One line in the listing below contains "Teclado Mars Gaming". Repeat that line and each line after it exactly, ending with the last one.

__SOURCE DATA__
╭──

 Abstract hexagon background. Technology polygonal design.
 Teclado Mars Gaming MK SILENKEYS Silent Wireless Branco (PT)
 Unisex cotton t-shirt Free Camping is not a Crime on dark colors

╰──

__WRITTEN REPLY__
 Teclado Mars Gaming MK SILENKEYS Silent Wireless Branco (PT)
 Unisex cotton t-shirt Free Camping is not a Crime on dark colors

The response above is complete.